** EXERCISE DESCRIPTION **
What you return should be the complete data below, word for word, with no pictures in it.

*** EXCERPTED RECORDS

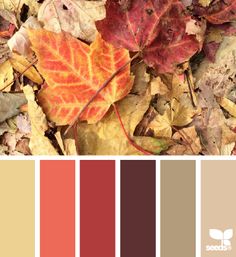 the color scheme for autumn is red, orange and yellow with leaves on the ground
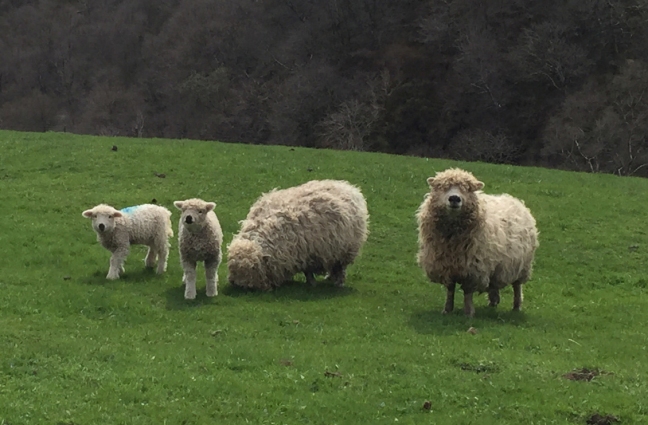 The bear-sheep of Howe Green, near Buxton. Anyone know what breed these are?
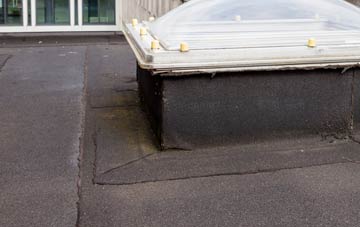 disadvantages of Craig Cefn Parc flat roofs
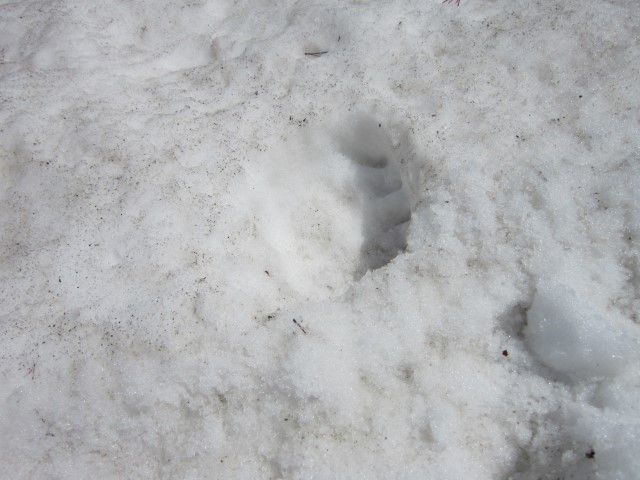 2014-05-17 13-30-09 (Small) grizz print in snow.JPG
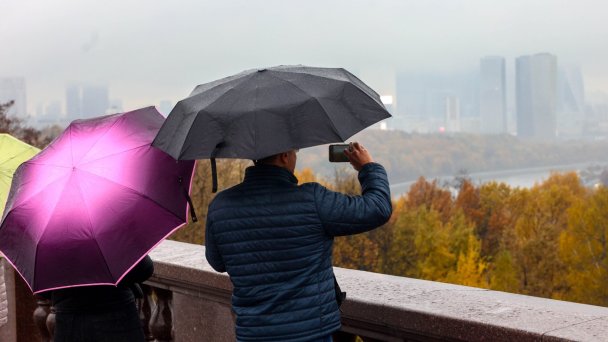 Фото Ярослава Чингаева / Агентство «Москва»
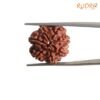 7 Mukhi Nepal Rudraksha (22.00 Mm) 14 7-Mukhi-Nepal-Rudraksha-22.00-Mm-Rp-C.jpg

******

** ANSWER SPACE **
 the color scheme for autumn is red, orange and yellow with leaves on the ground
 The bear-sheep of Howe Green, near Buxton. Anyone know what breed these are?
 disadvantages of Craig Cefn Parc flat roofs
 2014-05-17 13-30-09 (Small) grizz print in snow.JPG
 Фото Ярослава Чингаева / Агентство «Москва»
 7 Mukhi Nepal Rudraksha (22.00 Mm) 14 7-Mukhi-Nepal-Rudraksha-22.00-Mm-Rp-C.jpg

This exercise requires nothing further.